| 2004S-0170 - Medicare Prescription Drug, Improvement, and Modernization Act of 2003, Section 1013: Suggest Priority Topics for Research|
|FDA Comment Number :||EC36|
|Submitter :||Dr. Claudia Graham||Date & Time:||06/07/2004 07:06:07|
|Organization :||Medtronic MiniMed|
| The Opportunity in Type 1 Diabetes:
One area that meets the criteria as an opportunity for improved quality and cost savings is the treatment of Type 1 diabetes. According to the American Diabetes Association, 1 million people currently are diagnosed with Type 1 diabetes, and 30,000 new cases of Type 1 diabetes are diagnosed annually. Type 1 diabetes can occur at any age, but is one of the most frequent chronic diseases among children in the US. Type 1 diabetes is a chronic illness, and it is a disproportionately expensive disease. According to a 2002 study published in Diabetes Care and endorsed by the National Institutes of Health (NIH) and Centers for Disease Control and Prevention (CDC), direct medical and indirect expenditures attributable to diabetes in 2002 were estimated at $132 billion. Direct medical expenditures alone totaled $91.8 billion with $23.2 billion attributable to diabetes care and $24.6 billion for chronic complications related to diabetes. Approximately $44 billion was for excess prevalence of general medical conditions. Overall, 57.4 percent of individuals with Type 1 and 2 diabetes are covered by government-financed health insurance programs. This includes children and low-income adults covered under Medicaid, as well as the elderly and disabled covered by Medicare. In addition, according to data from the Centers for Medicare and Medicaid Services (CMS), diabetes is the primary cause of end-stage renal disease (ESRD) for one-third of all Medicare ESRD beneficiaries.

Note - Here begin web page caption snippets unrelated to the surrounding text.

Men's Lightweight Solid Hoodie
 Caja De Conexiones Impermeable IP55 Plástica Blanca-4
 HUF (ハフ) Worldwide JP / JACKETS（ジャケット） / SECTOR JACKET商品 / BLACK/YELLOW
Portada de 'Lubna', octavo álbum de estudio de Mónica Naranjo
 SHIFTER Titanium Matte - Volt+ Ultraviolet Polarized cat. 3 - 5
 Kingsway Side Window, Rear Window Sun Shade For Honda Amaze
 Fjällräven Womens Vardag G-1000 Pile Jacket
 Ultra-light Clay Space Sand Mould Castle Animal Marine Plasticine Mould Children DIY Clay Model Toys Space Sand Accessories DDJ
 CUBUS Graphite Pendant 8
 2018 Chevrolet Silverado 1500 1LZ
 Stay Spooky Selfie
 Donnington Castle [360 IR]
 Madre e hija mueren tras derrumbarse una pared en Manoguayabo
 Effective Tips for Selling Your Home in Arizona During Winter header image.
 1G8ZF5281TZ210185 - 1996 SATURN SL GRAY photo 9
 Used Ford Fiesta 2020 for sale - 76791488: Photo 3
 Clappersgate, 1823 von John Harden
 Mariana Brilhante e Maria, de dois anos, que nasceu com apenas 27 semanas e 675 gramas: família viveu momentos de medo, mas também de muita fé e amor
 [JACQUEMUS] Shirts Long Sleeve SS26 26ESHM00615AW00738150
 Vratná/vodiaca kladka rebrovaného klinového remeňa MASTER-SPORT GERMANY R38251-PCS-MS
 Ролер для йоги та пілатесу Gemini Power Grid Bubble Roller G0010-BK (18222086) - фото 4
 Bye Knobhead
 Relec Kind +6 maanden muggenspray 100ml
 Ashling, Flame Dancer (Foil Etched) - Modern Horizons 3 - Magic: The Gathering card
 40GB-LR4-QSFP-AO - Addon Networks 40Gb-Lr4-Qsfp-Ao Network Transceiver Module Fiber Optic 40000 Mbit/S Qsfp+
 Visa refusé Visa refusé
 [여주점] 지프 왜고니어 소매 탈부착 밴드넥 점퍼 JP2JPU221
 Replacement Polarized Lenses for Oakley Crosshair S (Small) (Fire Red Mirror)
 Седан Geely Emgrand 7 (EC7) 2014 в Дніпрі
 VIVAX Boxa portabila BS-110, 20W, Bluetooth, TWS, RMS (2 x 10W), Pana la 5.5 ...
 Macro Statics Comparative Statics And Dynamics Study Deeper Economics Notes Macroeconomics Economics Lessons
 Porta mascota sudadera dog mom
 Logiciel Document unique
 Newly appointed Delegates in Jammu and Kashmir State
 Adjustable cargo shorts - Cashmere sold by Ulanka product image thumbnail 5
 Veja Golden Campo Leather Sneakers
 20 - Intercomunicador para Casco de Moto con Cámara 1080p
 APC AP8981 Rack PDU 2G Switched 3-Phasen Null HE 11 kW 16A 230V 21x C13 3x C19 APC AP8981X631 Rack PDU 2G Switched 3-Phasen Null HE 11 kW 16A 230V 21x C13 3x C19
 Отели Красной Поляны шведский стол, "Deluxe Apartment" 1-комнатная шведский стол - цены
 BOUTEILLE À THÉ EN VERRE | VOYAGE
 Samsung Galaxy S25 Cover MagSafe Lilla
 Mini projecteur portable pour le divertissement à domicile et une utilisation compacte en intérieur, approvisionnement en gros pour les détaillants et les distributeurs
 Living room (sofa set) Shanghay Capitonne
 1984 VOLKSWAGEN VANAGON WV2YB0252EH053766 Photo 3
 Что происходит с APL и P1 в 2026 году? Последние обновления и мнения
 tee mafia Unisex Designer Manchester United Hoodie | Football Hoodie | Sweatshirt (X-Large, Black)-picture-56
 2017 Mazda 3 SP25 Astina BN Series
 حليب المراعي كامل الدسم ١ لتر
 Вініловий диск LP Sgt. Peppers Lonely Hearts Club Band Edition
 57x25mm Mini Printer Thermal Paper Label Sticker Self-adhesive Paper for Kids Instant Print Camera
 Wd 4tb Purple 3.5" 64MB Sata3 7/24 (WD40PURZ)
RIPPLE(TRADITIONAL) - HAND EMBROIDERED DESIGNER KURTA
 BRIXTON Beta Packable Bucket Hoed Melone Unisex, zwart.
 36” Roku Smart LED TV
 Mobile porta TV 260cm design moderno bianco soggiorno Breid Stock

The high cost of diabetes in part underscores an unmet need for improved treatment of this population. Specifically, diabetes can be managed to prevent many of the costs and long-term complications that are currently prevalent. Intensive therapy has been shown to be cost-effective in both Type 1 and Type 2 diabetes because two-thirds of the costs of diabetes management currently are related to inpatient care and associated complications. , Since publication of results from the landmark Diabetes Control and Complications Trial (DCCT) in 2003, many published studies have confirmed the importance of intensive diabetes self-management for individuals with Type 1 diabetes. Evidence continues to accumulate in support of the importance of a decrease in glycosylated hemoglobin (HbA1C) levels to 7.0 percent (normal is 3.8 to 6 percent), or lower if possible. , , , ,
Unfortunately, less than half of patients with Type I diabetes are treated to clinically accepted targets, such as those established by American Academy of Clinical Endocrinologists (AACE). Recent data suggests that the average HbA1c of US diabetes patients is 8.6%. and up to 1/3rd of the patients exceed 9.5%. It is critical to understand why so many patients with diabetes are not being treated to clinically established quality targets. Hypotheses include lack of patient and provider education, under-use of state-of-the-art diabetes technologies, and public payer policies that create disincentives for optimal management.
In addition to identifying barriers to optimal diabetes care, the research should identify mechanisms to overcome these barriers. Solutions should
| focus on those that are appropriate in the context of government-funded health care programs, particularly Medicaid and Medicare. For example, it is important to understand the types of programs states are implementing to control costs of care for diabetes and the implications of such programs in terms of long-term costs and patient outcomes. Additional analysis should be conducted on how such programs could best be designed to improve outcomes and control costs in both the short and long-term. Similarly, research should explore innovative ways in which intensive insulin management can reduce Medicare costs by preventing complications such as ESRD.